Lo dice, in particolare, Vittorio Colussi: 58 anni, padre di famiglia, grande lavoratore, con un passato da sportivo nell’ambito pallavolistico. Insomma, una vita normale nella sua Ponte nelle Alpi. Fino a quando non arriva “lui”: il virus. «Avevo febbre, dissenteria e vomito. E, con l’aggravante del diabete, serviva la massima attenzione. Per questo, lo scorso 11 novembre, hanno deciso di caricarmi in ambulanza e portarmi in ospedale: al San Martino, però, non c’erano più posti letto disponibili. Così, mi hanno trasferito a Feltre, al Santa Maria del Prato, dove sono rimasto per 11 giorni. Un periodo in cui ho vissuto l’esperienza umanamente più forte della mia vita». 
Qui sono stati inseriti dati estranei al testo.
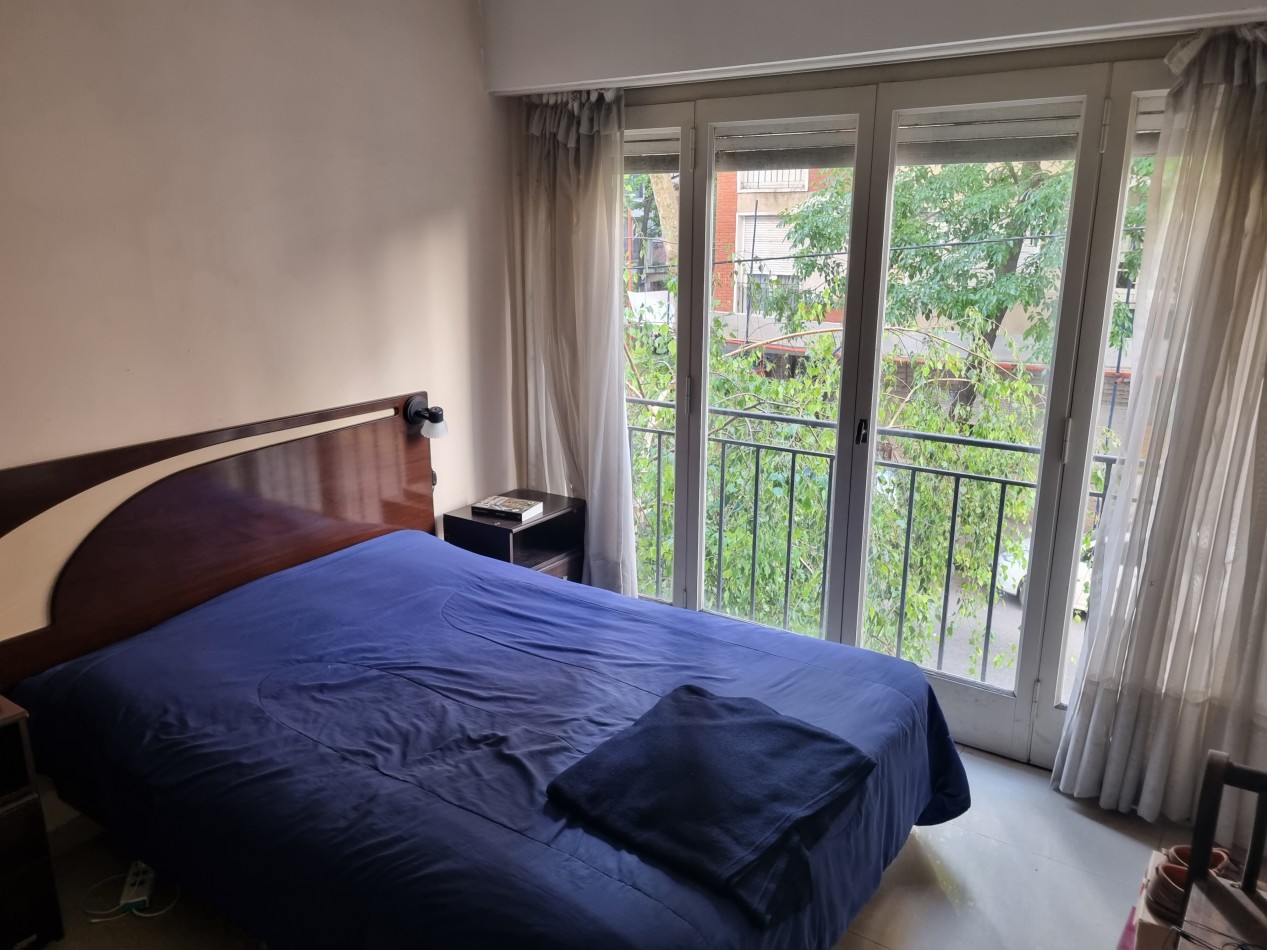 Departamento 2 ambientes a la calle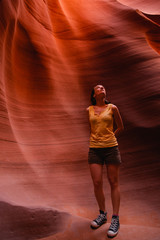 Femme contemplant les merveilles de la nature à Antelope Canyon - 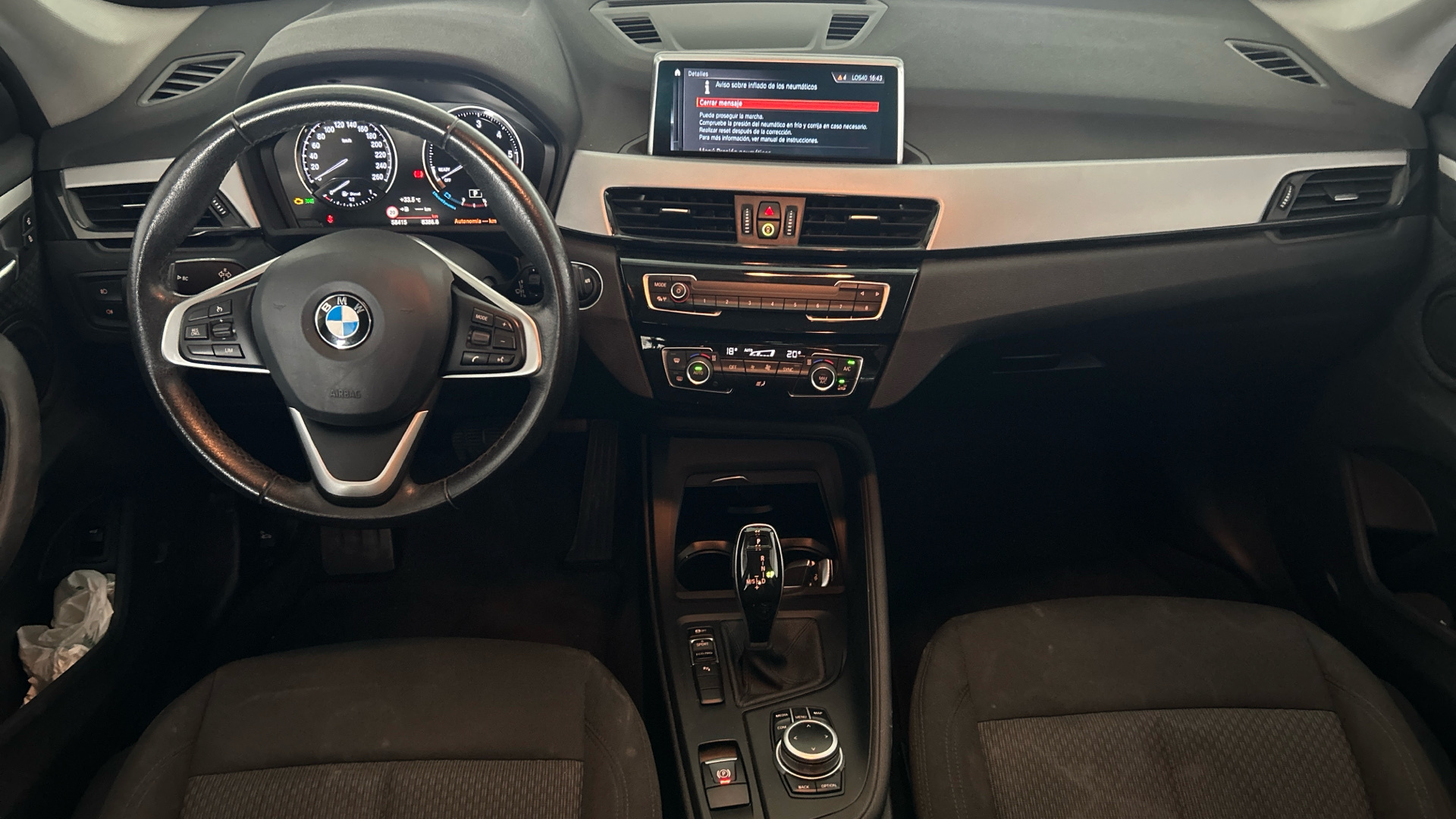 BMW X1 sDrive18d color Negro. Año 2020. 110KW(150CV). Diésel. En concesionario BYmyCAR Madrid - Alcalá de Madrid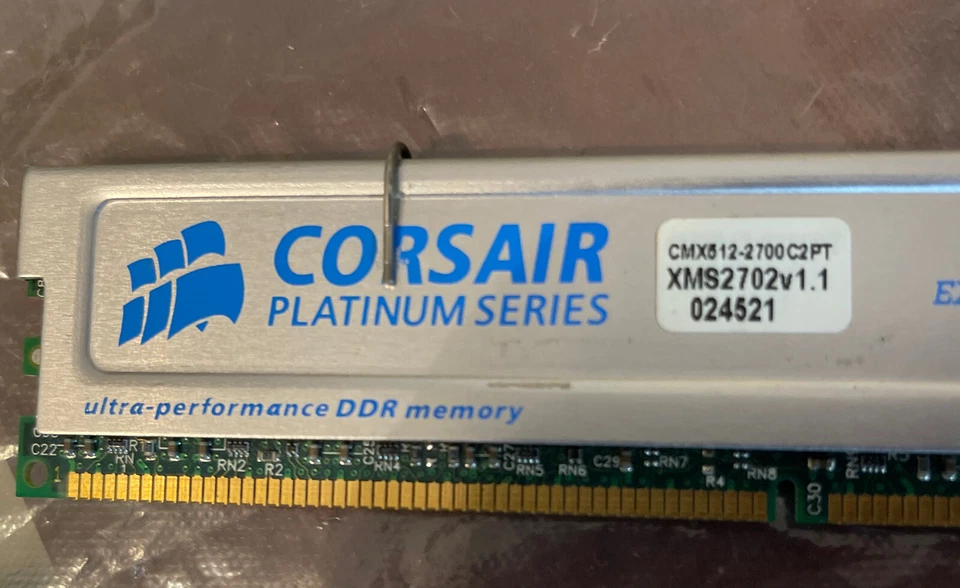 Corsair Platinum Series DDR Memory 512MB CMX512-2700LLPT XMS2700 333MHZ - Image 2 of 4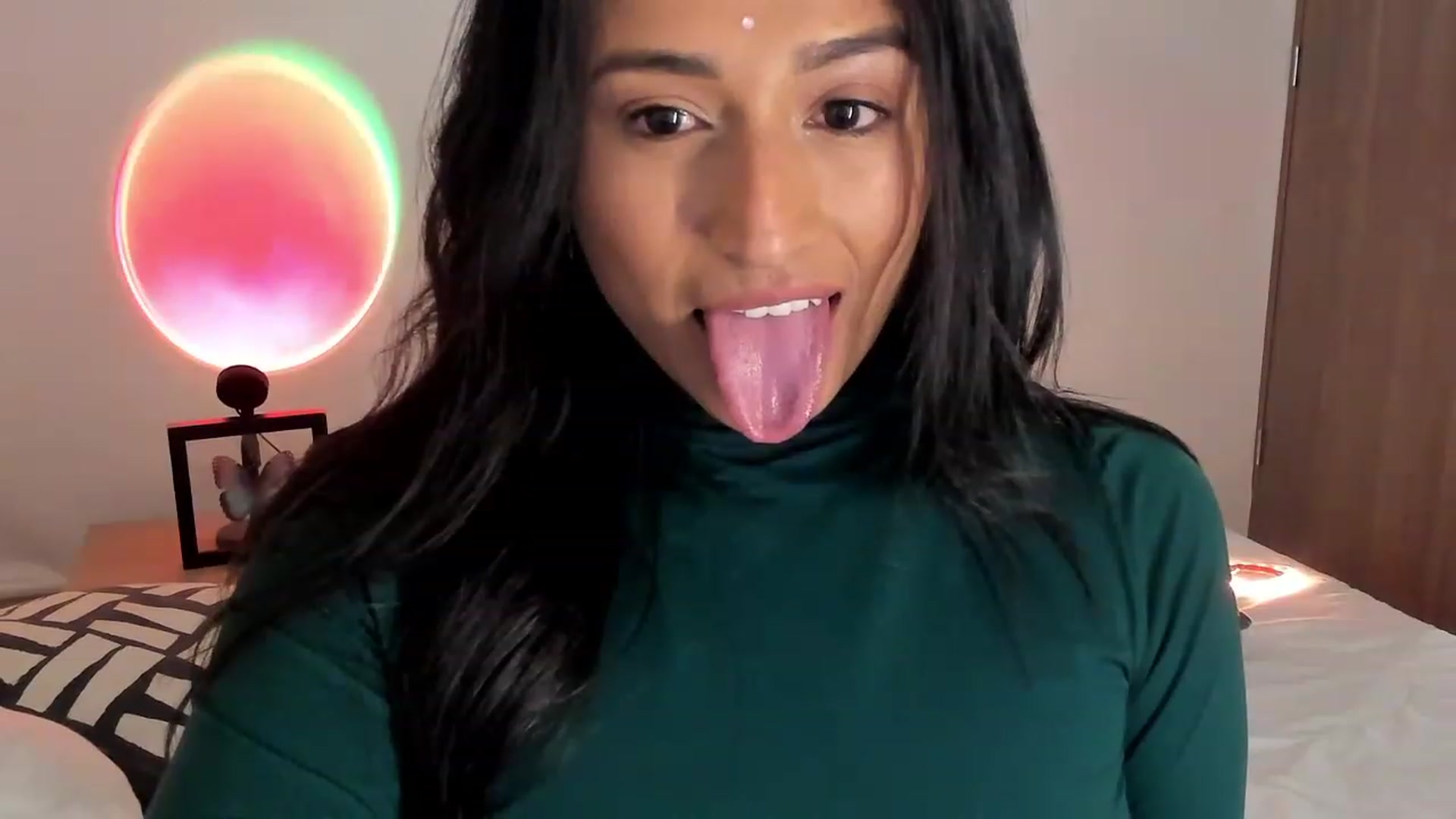 Gallery image thumbnail from Alizee___'s myfreecams stream on, 11/12/2023, 09:55 image 20 of 20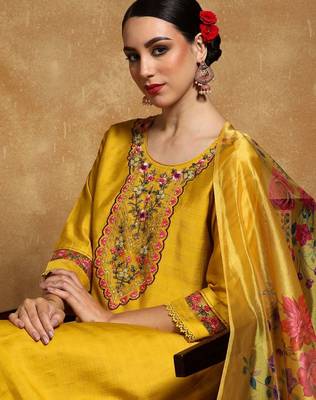Women Floral Embroidered Regular Thread Work Kurta with Trousers & With Dupatta 2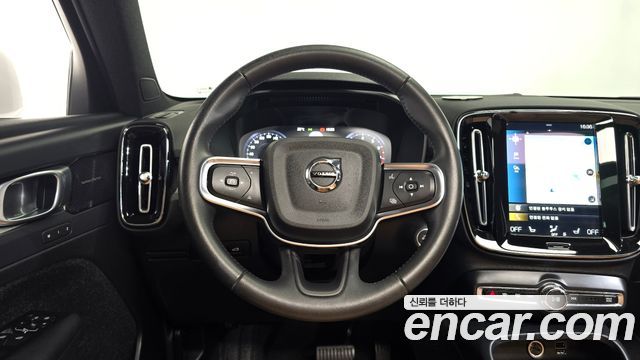 Volvo XC40 B4 Inscription 2021 — фото 13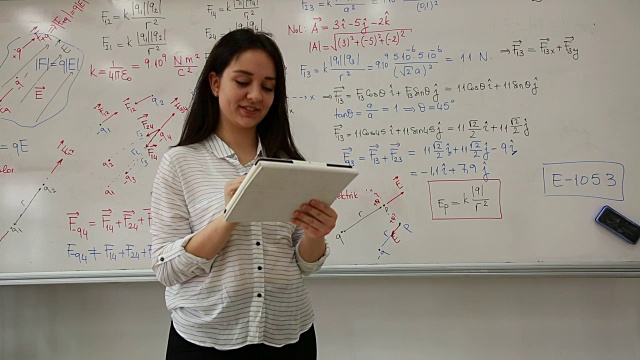 女同学在白板前写数学公式视频素材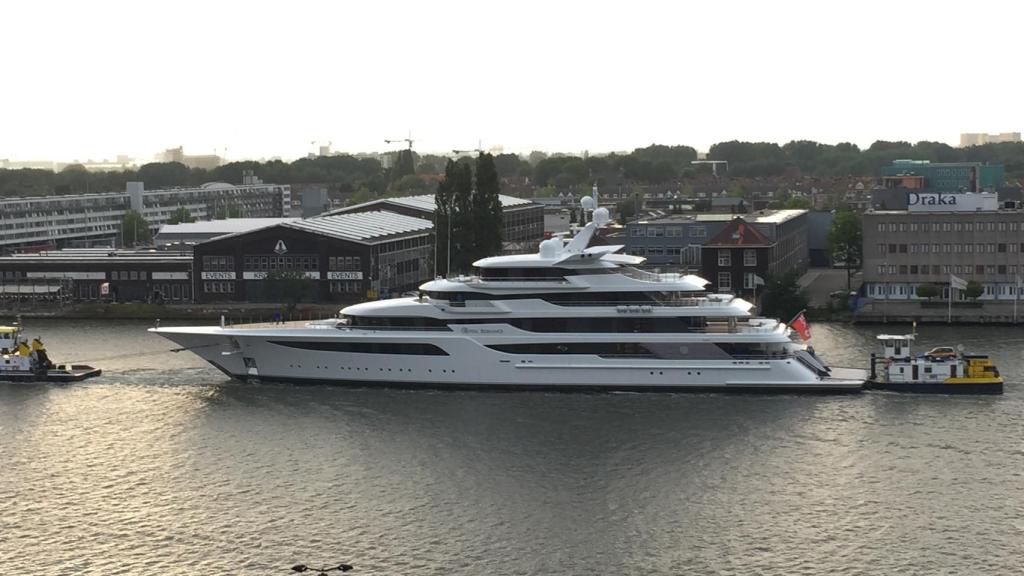MY Royal Romance atracado en Ámsterdam.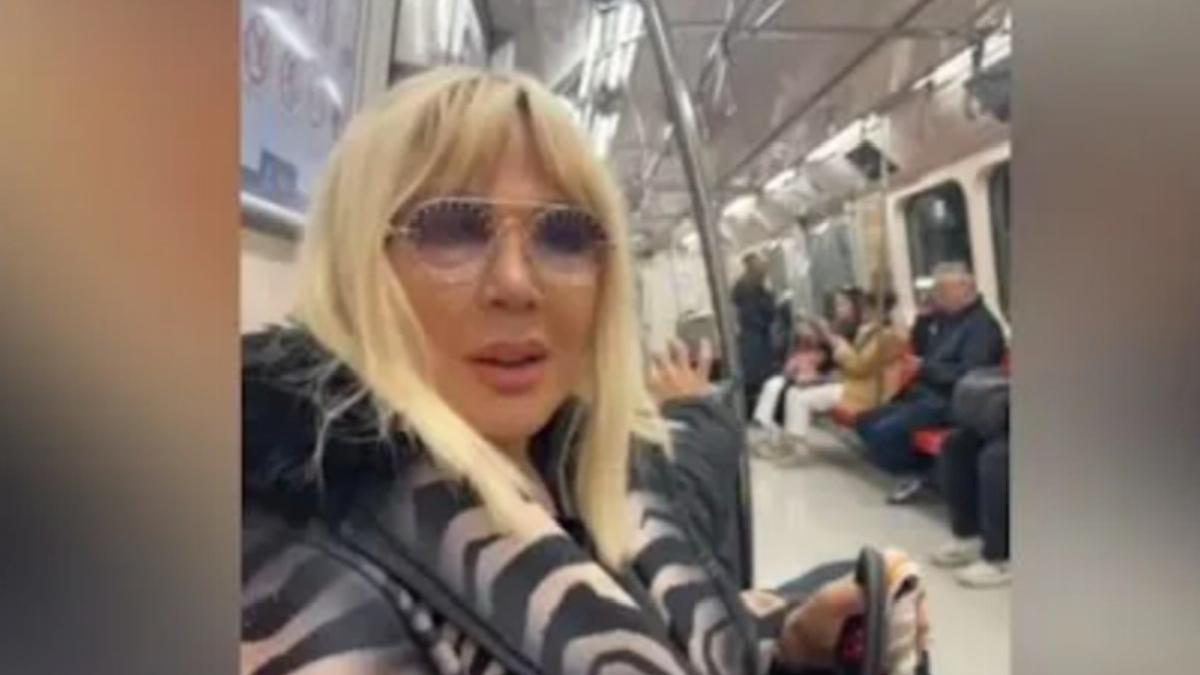 Şarkıcı Safiye Soyman metroya bindi! Deneyimini sosyal medyadan paylaştı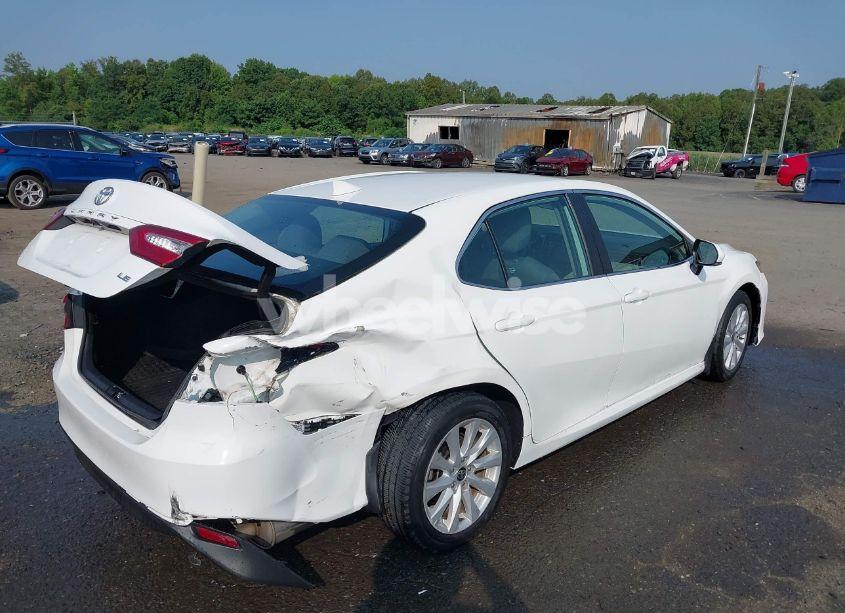 Photo 4 of 2020 Toyota Camry LE AWD (VIN 4T1C11BK4LU010585)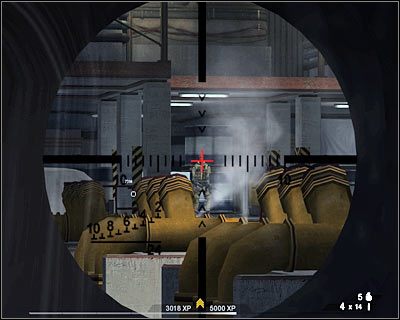 Po wstępnym zabezpieczeniu okolicy przemieść się w stronę niewielkiego budynku, w którym znajduje się zneutralizowane stanowisko maszynowe - Strefa zrzutu (cz.2) | Akt 6 - Pustynia w Newadzie | Rainbow Six Vegas 2 - Tom Clancys Rainbow Six Vegas 2 - poradnik do gry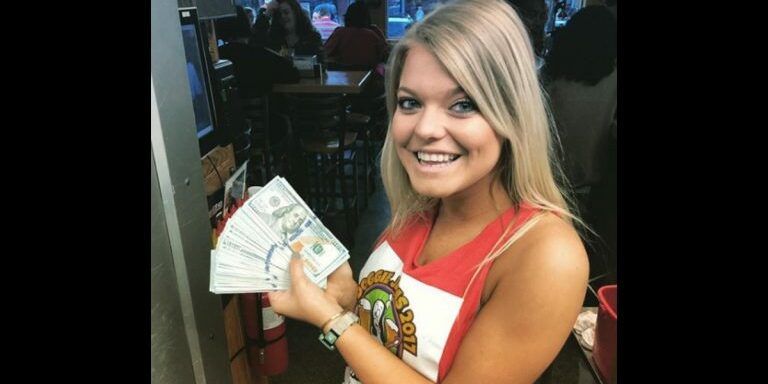waitress-with-money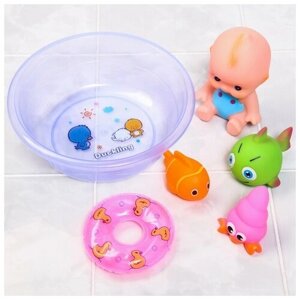 Крошка Я Набор игрушек для игры в ванне «Пупс в ванне»4 игрушки, цвет микс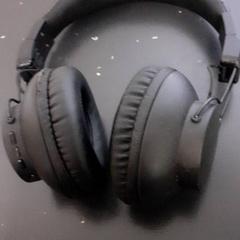 ヘッドホン がiLostで Qbuzz servicepunt  Emmen によって報告されました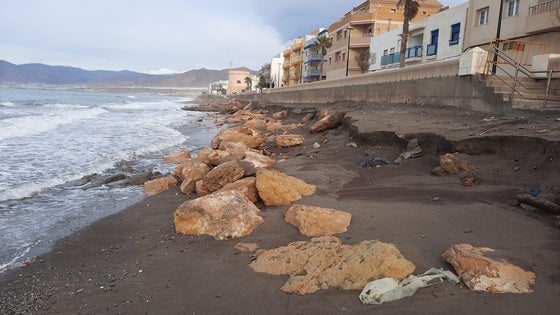 Con sombrillas y toallas: así protestarán los balermeros por su playa a la puerta de la Subdelegación de Almería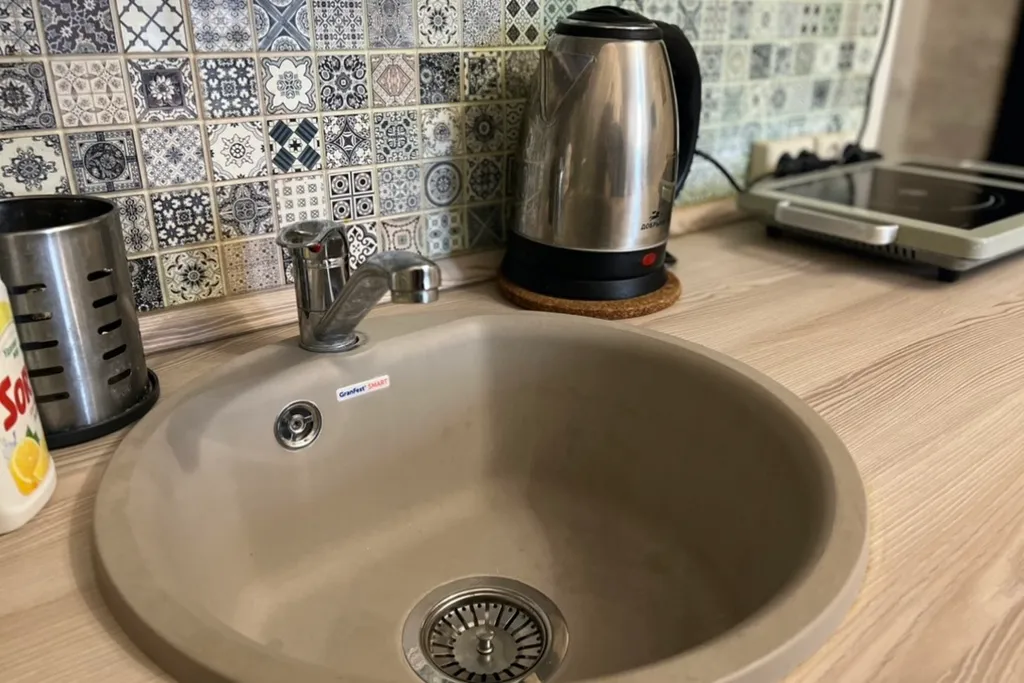 Двухместная студия вблизи станции метро "Студенческая"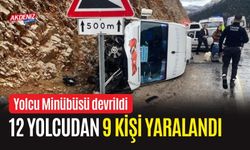 Yolcu minibüsü devrildi :12 yolcudan 9 kişi yaralandı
Vittorio ha rischiato di essere intubato: «Ci sono andato vicino perché la saturazione era bassa. E allora ho rispolverato la mia indole di sportivo, quando effettuavo esercizi di respirazione durante l’allenamento. Quegli stessi esercizi mi hanno permesso di mantenere la calma. E mi hanno fatto reagire. Le cure, da sole, non bastano. Ognuno deve metterci del suo». 

Eppure, Colussi si ritiene fortunato: «Lo sono, perché ho toccato con mano le condizioni dei ricoverati e dei miei vicini di letto. Alcuni di loro li ho persino aiutati. Tanto è vero che, col sorriso sulle labbra, il primario mi ha invitato a unirmi al personale infermieristico». Già, gli infermieri: «Svolgono un lavoro encomiabile, non so neppure come facciano. Indossano sempre lo scafandro, sono coperti dalla testa ai piedi. E hanno la visiera regolarmente appannata». 

Sono state giornate complicate. A tratti tremende: «Non ho mai dormito di notte. E una volta ero in carenza di ossigeno: mi hanno infilato una cannula nel naso e somministrato 2 litri di ossigeno». Senza considerare la preoccupazione: «Se il corpo non reagisce alle cure, l’approdo in terapia intensiva è inevitabile». Come inevitabile è prendersela con chi sottovaluta il problema: «A coloro che minimizzano le conseguenze del Covid, consiglierei di rimanere per una decina di giorni in ospedale. E poi dovrebbero dirmi l’effetto che fa. Ci sono ancora troppi comportamenti sbagliati, soprattutto nei bar e nei locali. Più di qualcuno non rispetta le regole, senza valutare i pericoli che corre. E fa correre agli altri. Il virus c’è, esiste. E va trattato nella giusta maniera. La malattia non sfocia in un banale raffreddore, ma in polmonite. Parliamoci chiaro: si rischia la terapia intensiva. E si rischia, soprattutto, di non uscire più dall’ospedale».